But there seems to be something strange about this - our conscious
experiences (Qualia and the like) don't fit in that pattern; it seems
to us that they are more than just firing neurons. We don't understand
this relationship. >>

That is what you seem to argue for. But this is not a theory. This is
the common _starting point_ of analytical philosophy of mind.


One final word on another issue:

> Since the very beginning, since 1955, AI has been bedeviled by the mind.
> Anyone who put forward a design for an intelligent machine was asked, "Can
> it think?" They said "think" but what they meant was, "Is there something
> inside that machine that is aware?" In place of "mind" put the word "soul"
> and we will have the raw question, does the machine have a soul? This
> belongs strictly to religion. If this is what they mean, why don't they say
> so? They don't because they are afraid of appearing soft on religion.
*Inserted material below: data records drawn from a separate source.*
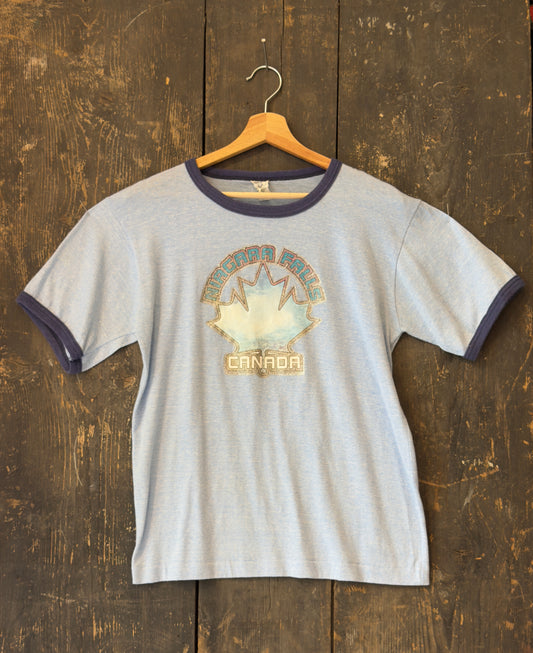 1970/80s Niagara Falls Canada Ringer T-shirt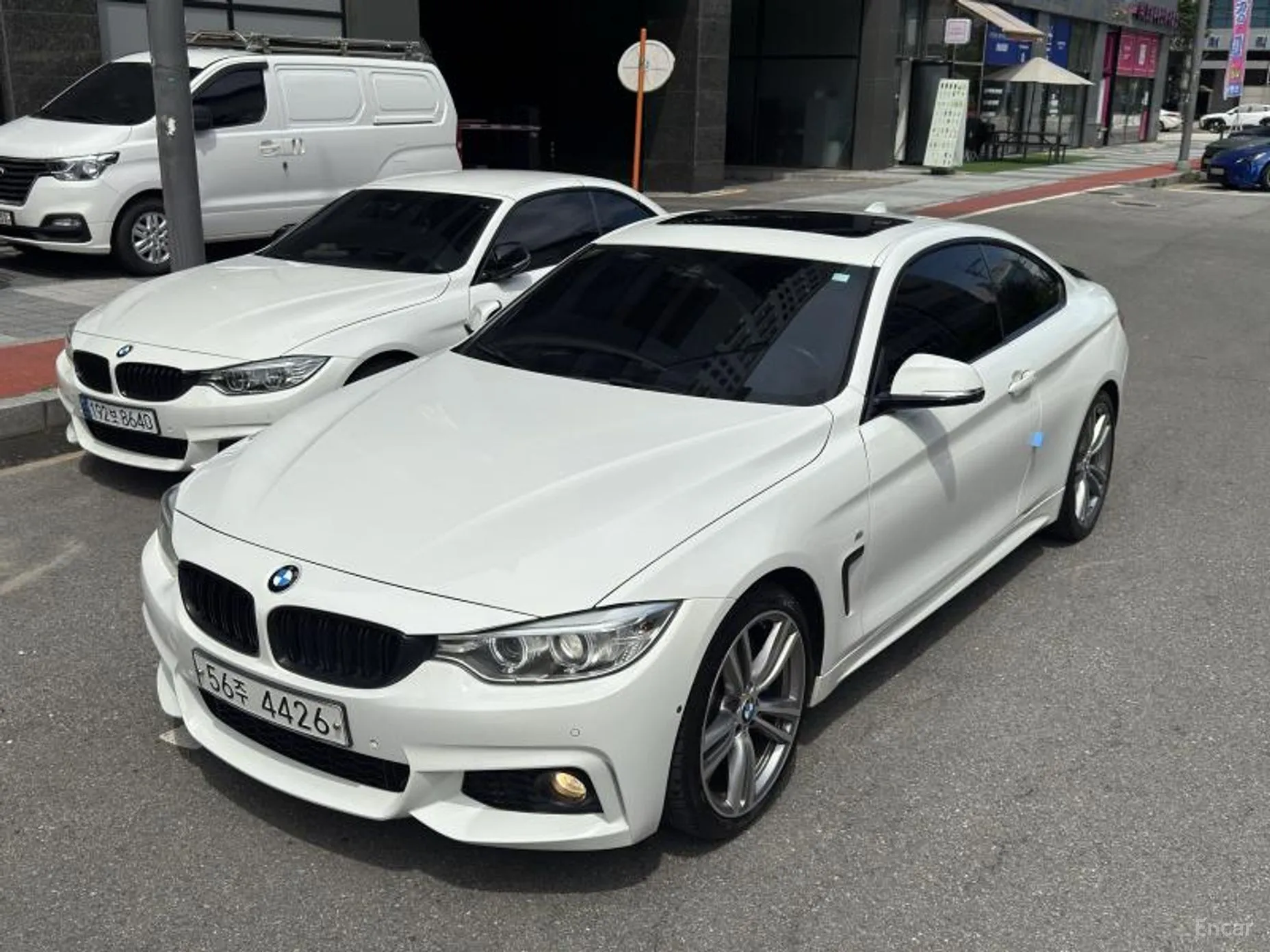 BMW Series 4 (F32) превью 2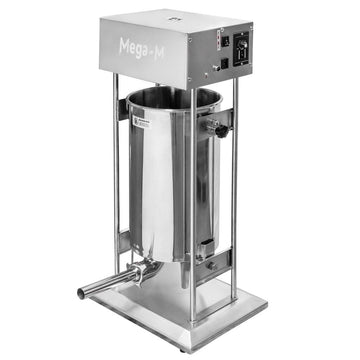 Sprit electrica Mega M pentru carnati salam, inox, capacitate 25L, 0.35 kW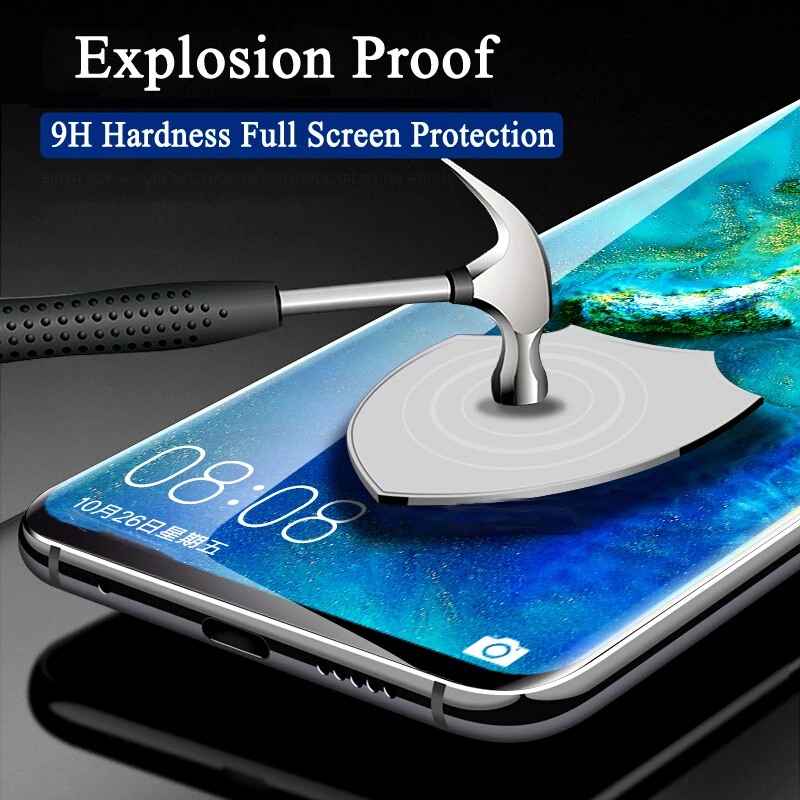 Vivo Protector Vidrio Templado para V15, V11, V9 Pro, X23, Z3, Y97 - imagen 4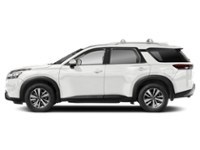 2023 Nissan Pathfinder SL 4WD Pearl White TriCoat  Shot 3
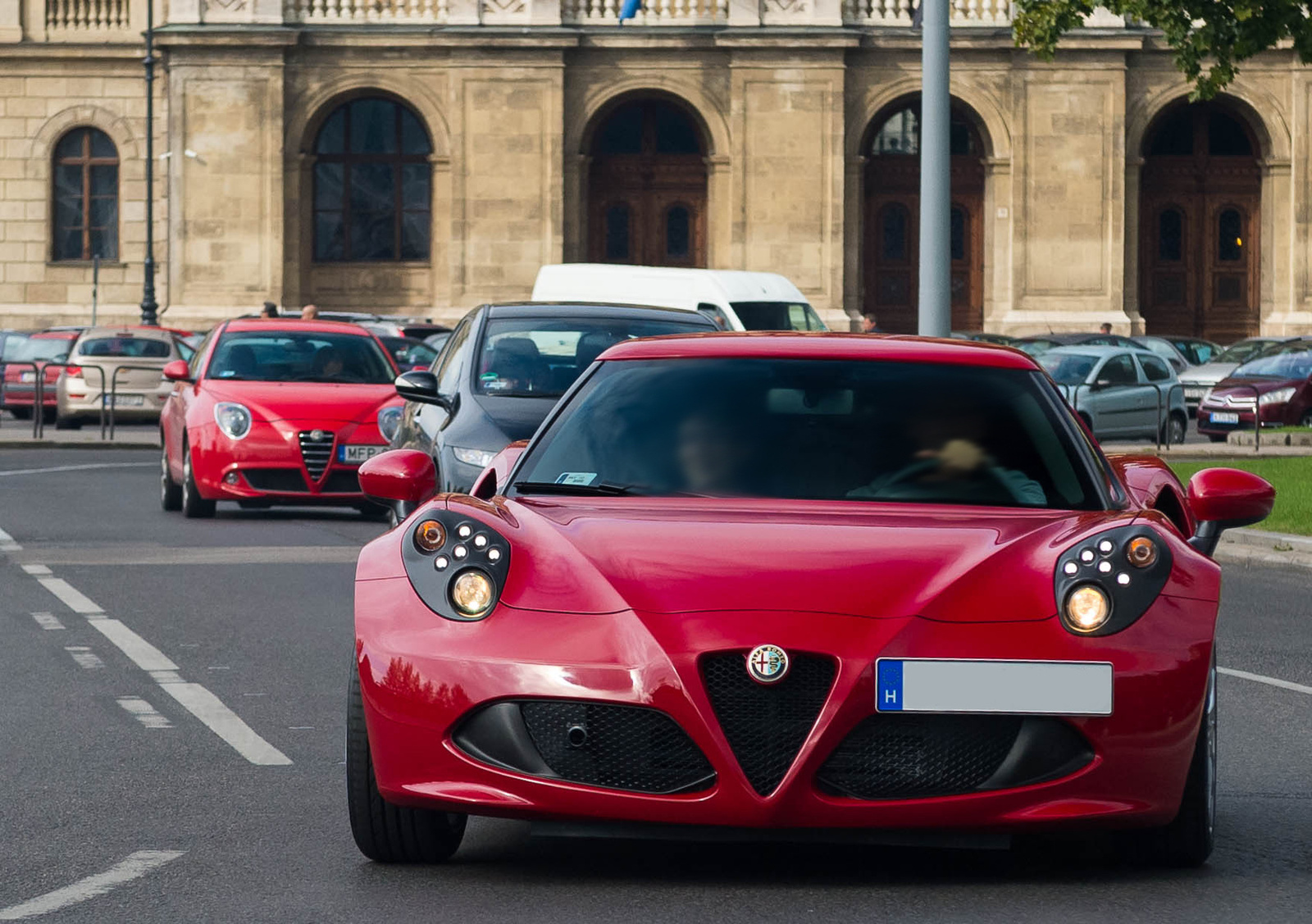 Alfa Romeo 4C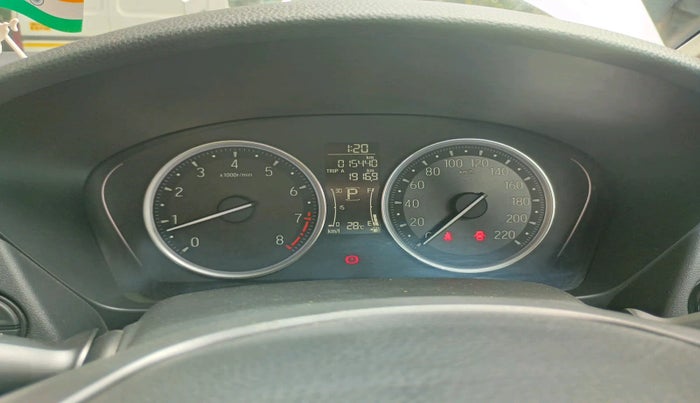 2021 Honda City 1.5L I-VTE V CVT, Petrol, Automatic, 15,440 km, interior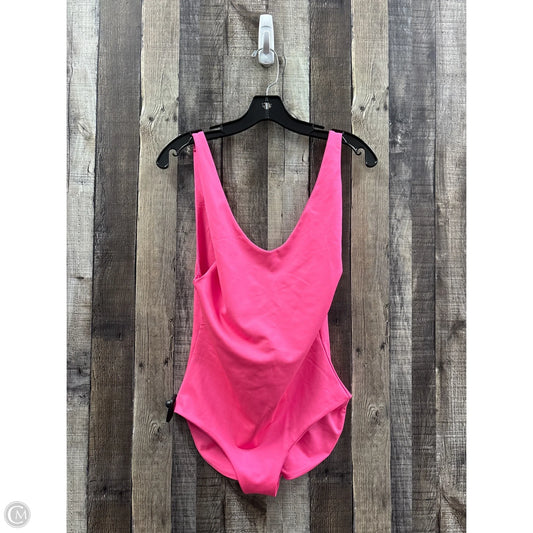 Swimsuit By Cmf In Pink, Size: Xl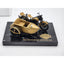 Harley Davidson 1933 Motorcycle Sidecar Bank Marble 1/12 Ultra COA 99205-94v Box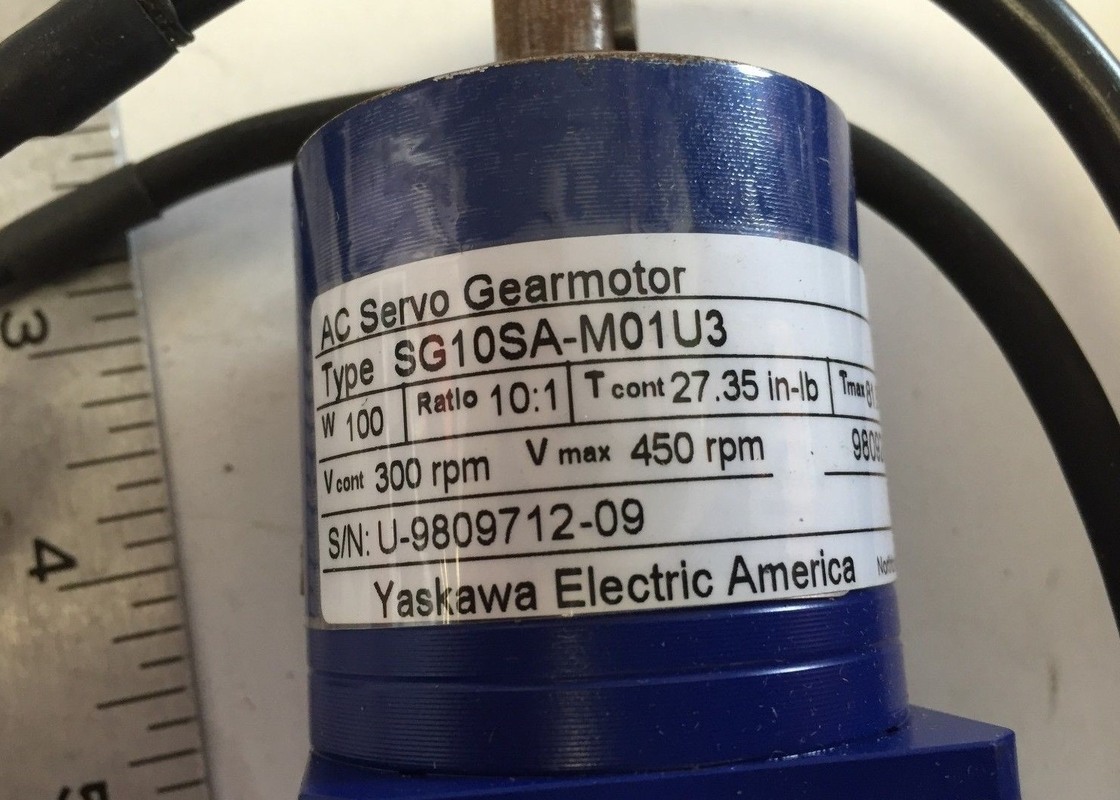 SG10SA-M01U3 Yaskawa Сервомотор Бренд 100% новый в оригинальной коробке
No. There's no need of your transcendent soul to ask this question:
Take a reductionist account of consciousness: There exists some
physical properties which determine whether a being is conscious or
not. But of course we at least today don't know exactly which physical
properties this are (some say representational properties, some say
functional properties, few say quantum mechanical properties, etc.).
But we are sure that there are thing which lack it (stones and shovels
for example) and other things which have it (like men and dogs). The
question is: Does our machine have it?
This is not a religious question.


sorry for
a) crossposting, but I'm reading this in sci.bio.misc and can hardly
f'up2 this group...
b) my humble English

cu,

Wolfgang.

-- 
homepage: http://www.wald.org/wolfgang
"Das Meer ist voll Wasser. Das soll einer verstehen." (Eric Satie)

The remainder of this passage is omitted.